The robot apocalypse, in other worlds, will arrive and is arriving one algorithm at a time. It's a process we can observe unfolding, since it has been going on for a long time already, and learn from -- real data rather than imagination. Targetting an imaginary future algorithm does nothing to stop it.

If, for example, you can't make current algorithms "friendly", it's highly unlikely that you're going to make the even more hyperspecialized algorithms of the future friendly either. Instead of postulting imaginary solutions to imaginary problems, it's much more useful to work empirically, e.g. on computer scecurity that mathematically prevents algorithms in general from violating particular desired rights. Recognize real problems and demonstrate real solutions to them.

Comment author: Wei_Dai 18 July 2012 11:27:51PM *  2 points [-]

It can be summarized as follows: for basic reasons of economics and computer science, specialized algorithms are generally far superior to general ones.

I don't understand your reasoning here. If you have a general AI, it can always choose to apply or invent a specialized algorithm when the situation calls for that, but if all you have is a collection of specialized algorithms, then you have to try to choose/invent the right algorithm yourself, and will likely do a worse (possibly much worse) job than the general AI if it is smarter than you are. So why do we not have to worry about "extreme consequences from general AI"?

Comment author: nickLW 19 July 2012 06:00:14AM 5 points [-]

Skill at making such choices is itself a specialty, and doesn't mean you'll be good at other things.
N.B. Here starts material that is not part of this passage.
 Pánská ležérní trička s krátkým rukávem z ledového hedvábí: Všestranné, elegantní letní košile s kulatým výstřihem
Indeed, the ability to properly choose algorithms in one problem domain often doesn't make you an expert at choosing them for a different problem domain. And as the software economy becomes more sophisticated these distinctions will grow ever sharper (basic Adam Smith here -- the division of labor grows with the size of the market). Such software choosers will come in dazzling variety: they like other useful or threatening software will not be general purpose. And who will choose the choosers? No sentient entity at all -- they'll be chosen they way they are today, by a wide variety of markets, except that there too the variety will be far greater.

Such markets and technologies are already far beyond the ability of any single human to comprehend, and that gap between economic and technological reality and our ability to comprehend and predict it grows wider every year. In that sense, the singularity already happened, and long ago.
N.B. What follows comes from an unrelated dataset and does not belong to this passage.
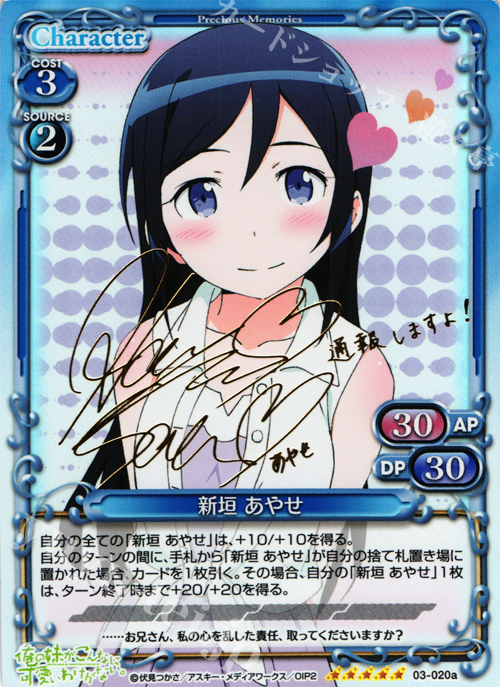 SP 新垣 あやせ(サイン入り) 販売 | 俺の妹がこんなに可愛いわけがない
Comment author: [deleted] 17 July 2012 01:12:46PM 4 points [-]

Seems like there is more going on than just "Do transhumanists endorse Pascalian bargains?" Because of confidence levels inside and outside an argument, the fact that someone (e.g. SI) makes an argument that a particular risk has a non-negligible probability does not mean that someone examining this claim should assign a non-negligible probability. It's very possible for someone thinking about (e.g.) AI risk to assign low probabilities and thus find themselves in a Pascalian situation even if SI argues that the probability of AI risk is high.

Comment author: nickLW 17 July 2012 06:18:15PM 5 points [-]
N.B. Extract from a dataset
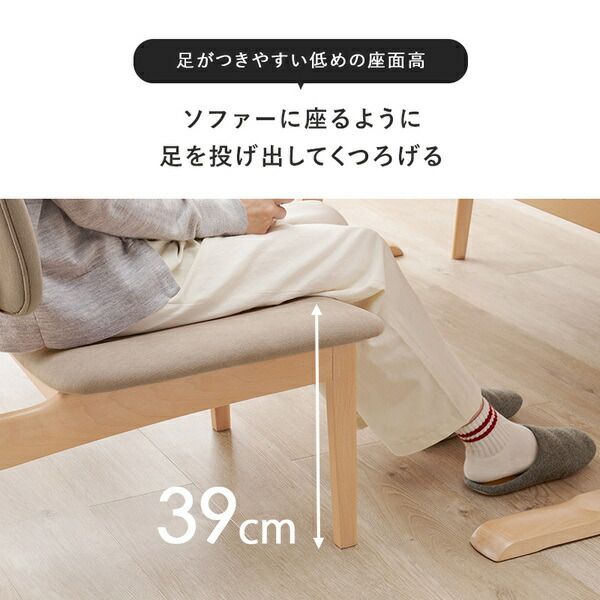 ダイニングベンチ 単品 約幅122×奥行65×高さ70cm ライトグレー 組立品代引NG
Indeed. As to why I find extreme consequences from general AI highly unlikely, see here. Alas, my main reason is partly buried in the comments (I really need to do a new post on this subject). It can be summarized as follows: for basic reasons of economics and computer science, specialized algorithms are generally far superior to general ones. Specialized algorithms are what we should hope for or fear, and their positive and negative consequences occur a little at a time -- and have been occurring for a long time already, so we have many actual real-world observations to go by. They can be addressed specifically, each passing tests 1-3, so that we can solve these problems and achieve these hopes one specialized task at a time, as well as induce general theories from these experiences (e.g. of security), without getting sucked into any of the near-infinity of Pascal scams one could dream up about the future of computing and robotics.